The taskstats documentation suggests that on process exit a data set
consisting of accumulated stats for the whole group is produced. But such
an additional set of stats is only produced for actually multithreaded
processes, not groups that had only one thread, and also those stats only
contain data about delay accounting and not the more basic information
about CPU and memory resource usage. Adding the AGROUP flag to be set
when the last task of a group exited enables determination of process end
also for single-threaded processes.
My applicaton basically does enhanced process accounting with summed
cputime, biggest maxrss, tasks per process. The data is not available
with the traditional BSD process accounting (which is not designed to be
extensible) and the taskstats interface allows more efficient on-the-fly
grouping and summing of the stats, anyway, without intermediate disk
writes.
Furthermore, I do carry statistics on which exact program binary is used
how often with associated resources, getting a picture on how important
which parts of a collection of installed scientific software in different
versions are, and how well they put load on the machine.
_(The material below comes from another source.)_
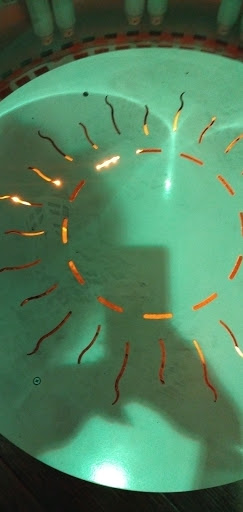 Gym «Planet Fitness», reviews and photos, 2830 S Bay St, Eustis, FL 32726, USA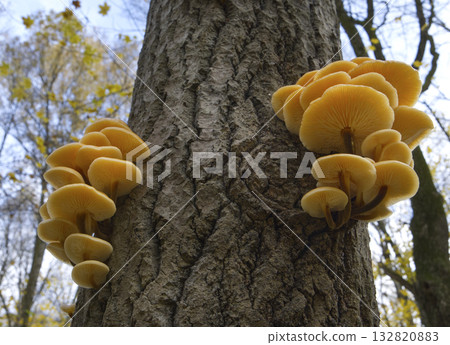 Mushrooms, growing on a tree trunk in the autumn forest. 132820883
This is enabled
by providing information on /proc/self/exe for each task. I assume the
two 64-bit fields for device ID and inode are more appropriate than the
possibly large resolved path to keep the data volume down.
Add the tgid to the stats to complete task identification, the flag AGROUP
to mark the last task of a group, the group wallclock time, and
inode-based identification of the associated executable file.
Add tools/accounting/procacct.c as a simplified fork of getdelays.c to
demonstrate process and thread accounting.
[[email protected]: fix version number in comment]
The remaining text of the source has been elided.